The next variable, total_points is the player's average fantasy points thus far in the season. Opponent_points is like next_opponent_points but it is the average value for that player's team for all the teams he has played thus far in the season. Next_opponent_factor is just the actual team the player will be playing in week 3. Team_factor is the player's team. Team_score is the average score for the player's team for past games. Position_factor is the player's position. Opponent_score is the same as team_score but for the player's opponents. At_home is average number of games at home. Next_at_home is whether next game is at home. Won_game is average number of games won in the past.
data = week_3_proj_all.combined_test_df
data['my_error'] = np.sqrt((data['my_prediction'] - data['actual_points'])**2)
data['espn_error'] = np.sqrt((data['predicted_points'] - data['actual_points'])**2)
data = data[['position', 'my_error', 'espn_error']]
data = pd.melt(data, id_vars=['position'], value_vars=['my_error', 'espn_error'])
data.columns = ['position', 'type', 'error']
sns.barplot(x='position', y='error', hue='type', data=data)
sns.despine()
The above bar chart shows how the models do by position. There are not too many surprises here. Less volatile positions like K and TE have lower average errors while positions like QB and RB have higher average errors. ESPN beats me across the board on average except for RB (but all values are close). One sort of interesting point is that my model has a noteable smaller standard deviation for QBs. But again, all differences are slight.
Predicting fantasy points is hard. On average the models are only off by about 6.5 points, but can miss pretty big when players do very well or poorly, which is really what you usually care about. This is inheritely a challenging problem - how do you use past data to try and determine a future performance that differs from that past (like a break out game or a slump)? On some level, I imagine this is impossible, but think we could maybe do better. For instance, my model doesn't account for injury at all. Knowing that a player is coming off an injury could be very valuable. Or knowing that a key offensive lineman is out could really affect a RBs performance. I think the NFL has a lot of cool work that could be done with the right data and some deep thought about how these data could be used to understand performance.
Second, I was very happy to gain some more insight into what variables seem to matter when trying to predict a player's fantasy points. In the future, I will be paying a lot more attention to a player's opponents.
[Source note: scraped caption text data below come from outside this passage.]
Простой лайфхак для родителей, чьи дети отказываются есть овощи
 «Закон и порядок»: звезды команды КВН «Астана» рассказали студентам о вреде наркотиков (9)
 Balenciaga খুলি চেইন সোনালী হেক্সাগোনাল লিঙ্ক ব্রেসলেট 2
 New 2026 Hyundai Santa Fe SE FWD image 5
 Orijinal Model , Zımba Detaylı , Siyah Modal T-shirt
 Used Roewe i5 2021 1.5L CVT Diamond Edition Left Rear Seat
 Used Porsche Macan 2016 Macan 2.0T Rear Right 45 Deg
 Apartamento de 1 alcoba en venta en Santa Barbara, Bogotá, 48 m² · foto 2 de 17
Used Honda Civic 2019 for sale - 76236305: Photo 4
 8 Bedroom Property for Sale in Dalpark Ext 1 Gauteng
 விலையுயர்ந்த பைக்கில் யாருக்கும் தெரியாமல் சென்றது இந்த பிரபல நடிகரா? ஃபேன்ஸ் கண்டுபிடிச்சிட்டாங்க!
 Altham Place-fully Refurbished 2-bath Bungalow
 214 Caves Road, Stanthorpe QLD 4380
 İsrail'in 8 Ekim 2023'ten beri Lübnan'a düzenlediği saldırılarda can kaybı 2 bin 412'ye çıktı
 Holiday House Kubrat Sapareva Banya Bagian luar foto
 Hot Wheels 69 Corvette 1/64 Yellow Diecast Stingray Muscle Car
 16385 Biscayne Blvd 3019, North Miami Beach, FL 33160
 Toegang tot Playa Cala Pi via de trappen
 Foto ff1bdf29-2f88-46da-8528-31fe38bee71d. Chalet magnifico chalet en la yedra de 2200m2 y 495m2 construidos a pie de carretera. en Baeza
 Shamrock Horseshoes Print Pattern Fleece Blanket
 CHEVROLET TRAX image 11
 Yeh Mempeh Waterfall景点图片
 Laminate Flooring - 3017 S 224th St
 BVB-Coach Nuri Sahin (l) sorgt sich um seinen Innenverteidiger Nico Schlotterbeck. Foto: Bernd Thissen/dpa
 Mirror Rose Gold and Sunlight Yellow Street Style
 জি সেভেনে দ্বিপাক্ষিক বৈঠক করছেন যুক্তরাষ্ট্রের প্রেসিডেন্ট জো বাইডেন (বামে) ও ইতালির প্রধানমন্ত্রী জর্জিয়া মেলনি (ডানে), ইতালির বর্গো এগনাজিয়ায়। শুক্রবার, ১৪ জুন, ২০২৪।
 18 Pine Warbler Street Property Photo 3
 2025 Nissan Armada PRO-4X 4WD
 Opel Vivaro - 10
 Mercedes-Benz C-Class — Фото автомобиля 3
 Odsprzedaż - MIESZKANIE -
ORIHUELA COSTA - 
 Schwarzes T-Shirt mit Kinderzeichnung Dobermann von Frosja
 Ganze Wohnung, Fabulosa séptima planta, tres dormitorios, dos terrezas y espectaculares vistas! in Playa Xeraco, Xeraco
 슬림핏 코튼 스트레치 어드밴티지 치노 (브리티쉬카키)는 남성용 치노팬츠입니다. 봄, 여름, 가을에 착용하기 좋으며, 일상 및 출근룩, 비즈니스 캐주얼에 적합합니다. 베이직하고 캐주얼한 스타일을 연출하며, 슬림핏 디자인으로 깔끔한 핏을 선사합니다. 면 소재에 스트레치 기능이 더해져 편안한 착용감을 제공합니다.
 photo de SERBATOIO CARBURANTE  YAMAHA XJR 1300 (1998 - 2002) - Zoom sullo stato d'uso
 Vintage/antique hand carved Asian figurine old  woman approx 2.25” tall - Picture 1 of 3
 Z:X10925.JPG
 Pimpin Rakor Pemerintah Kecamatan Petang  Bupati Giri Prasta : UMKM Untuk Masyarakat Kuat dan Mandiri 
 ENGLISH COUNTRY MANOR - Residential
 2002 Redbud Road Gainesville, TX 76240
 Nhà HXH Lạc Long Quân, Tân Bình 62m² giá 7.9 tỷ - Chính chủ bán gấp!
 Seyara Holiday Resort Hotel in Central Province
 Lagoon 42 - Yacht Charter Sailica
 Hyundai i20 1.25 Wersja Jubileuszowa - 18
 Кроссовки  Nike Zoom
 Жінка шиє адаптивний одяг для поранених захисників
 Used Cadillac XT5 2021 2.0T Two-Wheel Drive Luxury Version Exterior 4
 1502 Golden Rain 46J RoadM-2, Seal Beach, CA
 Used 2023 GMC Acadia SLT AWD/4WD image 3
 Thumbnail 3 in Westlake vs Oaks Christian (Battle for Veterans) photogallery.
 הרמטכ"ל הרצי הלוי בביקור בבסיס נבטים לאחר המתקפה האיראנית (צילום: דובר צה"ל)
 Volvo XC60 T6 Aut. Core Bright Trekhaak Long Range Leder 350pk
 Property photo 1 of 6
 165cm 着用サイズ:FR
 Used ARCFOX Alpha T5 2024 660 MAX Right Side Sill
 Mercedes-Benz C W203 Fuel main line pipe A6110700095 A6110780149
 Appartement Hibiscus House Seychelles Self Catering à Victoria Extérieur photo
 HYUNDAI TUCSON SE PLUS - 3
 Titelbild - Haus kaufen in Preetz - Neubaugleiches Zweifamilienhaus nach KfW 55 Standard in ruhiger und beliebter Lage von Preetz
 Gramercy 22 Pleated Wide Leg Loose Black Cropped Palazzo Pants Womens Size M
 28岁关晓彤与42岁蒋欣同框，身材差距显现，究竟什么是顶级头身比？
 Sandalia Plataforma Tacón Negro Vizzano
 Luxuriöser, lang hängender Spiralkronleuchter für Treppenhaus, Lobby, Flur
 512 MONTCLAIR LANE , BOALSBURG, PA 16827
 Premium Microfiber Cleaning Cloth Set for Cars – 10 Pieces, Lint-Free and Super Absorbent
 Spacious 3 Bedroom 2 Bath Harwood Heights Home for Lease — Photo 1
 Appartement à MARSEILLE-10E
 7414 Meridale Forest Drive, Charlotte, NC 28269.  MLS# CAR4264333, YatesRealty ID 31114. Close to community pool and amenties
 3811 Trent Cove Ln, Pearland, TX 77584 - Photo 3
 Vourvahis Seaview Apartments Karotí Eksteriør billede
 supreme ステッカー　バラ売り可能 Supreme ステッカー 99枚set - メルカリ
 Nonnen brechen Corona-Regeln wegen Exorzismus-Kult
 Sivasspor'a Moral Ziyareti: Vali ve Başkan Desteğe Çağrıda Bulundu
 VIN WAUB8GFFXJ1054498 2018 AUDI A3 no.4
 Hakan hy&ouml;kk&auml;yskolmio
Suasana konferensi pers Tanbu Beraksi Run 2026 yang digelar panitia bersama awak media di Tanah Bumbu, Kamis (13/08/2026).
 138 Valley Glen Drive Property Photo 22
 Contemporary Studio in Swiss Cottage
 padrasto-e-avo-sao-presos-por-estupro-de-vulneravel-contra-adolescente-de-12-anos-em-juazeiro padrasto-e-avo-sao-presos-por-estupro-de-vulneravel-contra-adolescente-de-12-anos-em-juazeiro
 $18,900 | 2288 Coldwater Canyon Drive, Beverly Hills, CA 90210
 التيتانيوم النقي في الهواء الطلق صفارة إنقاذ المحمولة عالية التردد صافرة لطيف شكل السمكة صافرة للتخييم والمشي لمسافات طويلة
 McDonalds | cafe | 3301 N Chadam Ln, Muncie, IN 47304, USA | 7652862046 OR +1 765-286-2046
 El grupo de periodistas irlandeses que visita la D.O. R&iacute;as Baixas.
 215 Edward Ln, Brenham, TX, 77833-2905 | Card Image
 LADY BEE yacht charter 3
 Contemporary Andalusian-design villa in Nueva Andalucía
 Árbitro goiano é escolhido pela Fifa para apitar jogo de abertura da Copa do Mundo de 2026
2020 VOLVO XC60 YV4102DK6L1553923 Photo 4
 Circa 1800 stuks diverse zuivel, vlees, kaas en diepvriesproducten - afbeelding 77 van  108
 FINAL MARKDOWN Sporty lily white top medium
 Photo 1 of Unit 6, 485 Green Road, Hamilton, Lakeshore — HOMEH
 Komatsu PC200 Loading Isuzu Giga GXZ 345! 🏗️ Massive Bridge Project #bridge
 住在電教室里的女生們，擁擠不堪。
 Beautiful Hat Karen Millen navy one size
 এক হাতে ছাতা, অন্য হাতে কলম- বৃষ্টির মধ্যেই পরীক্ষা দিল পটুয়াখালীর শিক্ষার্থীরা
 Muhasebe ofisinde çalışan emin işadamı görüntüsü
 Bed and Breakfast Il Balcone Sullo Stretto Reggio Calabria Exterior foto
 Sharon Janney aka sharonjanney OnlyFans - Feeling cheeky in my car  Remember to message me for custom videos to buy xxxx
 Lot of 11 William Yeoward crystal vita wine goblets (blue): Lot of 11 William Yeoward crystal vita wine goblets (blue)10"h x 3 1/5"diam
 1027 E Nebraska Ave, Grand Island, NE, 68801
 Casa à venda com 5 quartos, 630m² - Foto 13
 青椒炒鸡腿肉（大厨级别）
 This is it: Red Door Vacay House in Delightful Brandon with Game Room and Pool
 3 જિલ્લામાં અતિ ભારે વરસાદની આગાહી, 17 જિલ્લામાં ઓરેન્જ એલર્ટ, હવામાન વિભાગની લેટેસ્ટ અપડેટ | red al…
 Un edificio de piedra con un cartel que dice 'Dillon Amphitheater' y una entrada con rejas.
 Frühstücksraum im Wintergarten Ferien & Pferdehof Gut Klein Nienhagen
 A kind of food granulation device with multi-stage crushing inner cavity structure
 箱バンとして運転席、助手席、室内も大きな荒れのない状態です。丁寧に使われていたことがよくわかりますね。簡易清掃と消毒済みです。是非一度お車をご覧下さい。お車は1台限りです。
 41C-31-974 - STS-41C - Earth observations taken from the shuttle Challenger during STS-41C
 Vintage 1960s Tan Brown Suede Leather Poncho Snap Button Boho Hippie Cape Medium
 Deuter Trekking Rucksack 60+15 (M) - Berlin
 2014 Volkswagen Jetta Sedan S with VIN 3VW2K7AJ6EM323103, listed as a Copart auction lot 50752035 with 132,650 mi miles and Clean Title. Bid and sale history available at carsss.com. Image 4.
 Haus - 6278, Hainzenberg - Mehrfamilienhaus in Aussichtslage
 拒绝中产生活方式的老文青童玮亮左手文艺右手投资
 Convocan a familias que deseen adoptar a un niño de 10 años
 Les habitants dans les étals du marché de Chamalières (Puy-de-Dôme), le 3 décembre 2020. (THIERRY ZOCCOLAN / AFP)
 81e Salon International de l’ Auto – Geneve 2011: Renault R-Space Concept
Lastly, I think it is really cool that with only a handful of variables a model could be developed that performs very similar to ESPN's prediction model. This is what I love about data science. I was able to use data to gain a much deeper undertanding of an area in which I am far from an expert. I have no idea how ESPN creates their predictions, but I imagine they put some effort into it, and I think it is awesome that with just my laptop and some data I could create a competing model. If anyone from ESPN is reading this...I'd love to connect and learn some more about your model :).
P.S. - I will try and post some updates on the performance of the models as the season progresses if anyone is interested.